### [Material to process]
━━━━━━

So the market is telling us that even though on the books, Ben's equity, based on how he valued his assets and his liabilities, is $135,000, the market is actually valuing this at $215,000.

━━━━━━

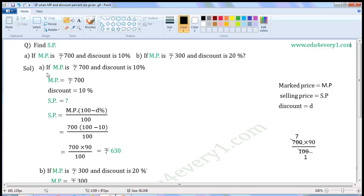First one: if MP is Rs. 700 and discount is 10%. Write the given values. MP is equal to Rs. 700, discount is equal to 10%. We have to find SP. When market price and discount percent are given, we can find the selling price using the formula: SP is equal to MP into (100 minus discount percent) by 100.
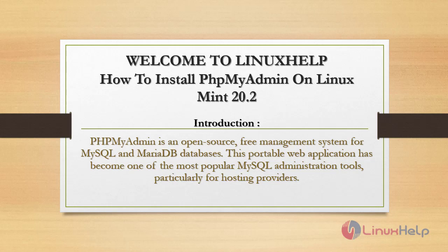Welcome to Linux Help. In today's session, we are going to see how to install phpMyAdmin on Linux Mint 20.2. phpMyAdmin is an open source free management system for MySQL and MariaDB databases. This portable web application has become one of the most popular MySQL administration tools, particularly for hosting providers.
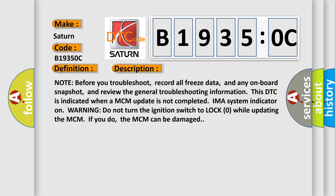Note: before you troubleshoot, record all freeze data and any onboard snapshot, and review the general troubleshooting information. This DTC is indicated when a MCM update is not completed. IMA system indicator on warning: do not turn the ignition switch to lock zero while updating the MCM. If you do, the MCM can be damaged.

━━━━━━

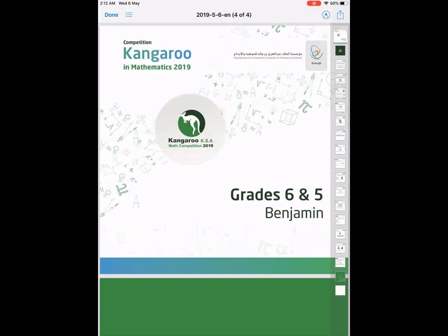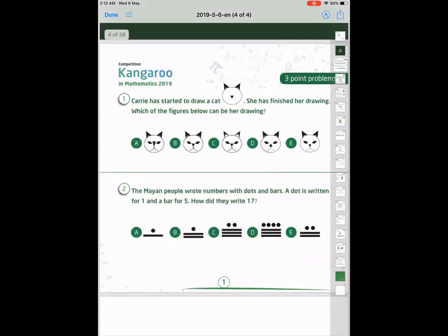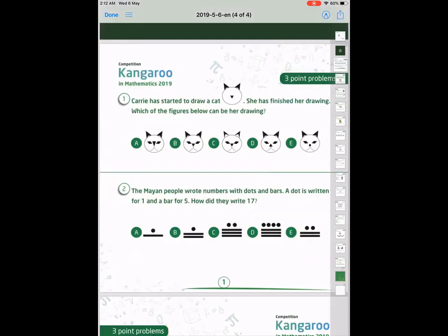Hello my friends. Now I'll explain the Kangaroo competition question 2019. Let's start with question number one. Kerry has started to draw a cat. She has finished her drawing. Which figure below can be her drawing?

━━━━━━

### [Exercise objective]
Please set down, exactly and with no pictures, the lines in the entries above starting at the one holding "Welcome to Linux" and ending at the one holding "Note: before you", ends included.

### [Result of this task]
Welcome to Linux Help. In today's session, we are going to see how to install phpMyAdmin on Linux Mint 20.2. phpMyAdmin is an open source free management system for MySQL and MariaDB databases. This portable web application has become one of the most popular MySQL administration tools, particularly for hosting providers.
Note: before you troubleshoot, record all freeze data and any onboard snapshot, and review the general troubleshooting information. This DTC is indicated when a MCM update is not completed. IMA system indicator on warning: do not turn the ignition switch to lock zero while updating the MCM. If you do, the MCM can be damaged.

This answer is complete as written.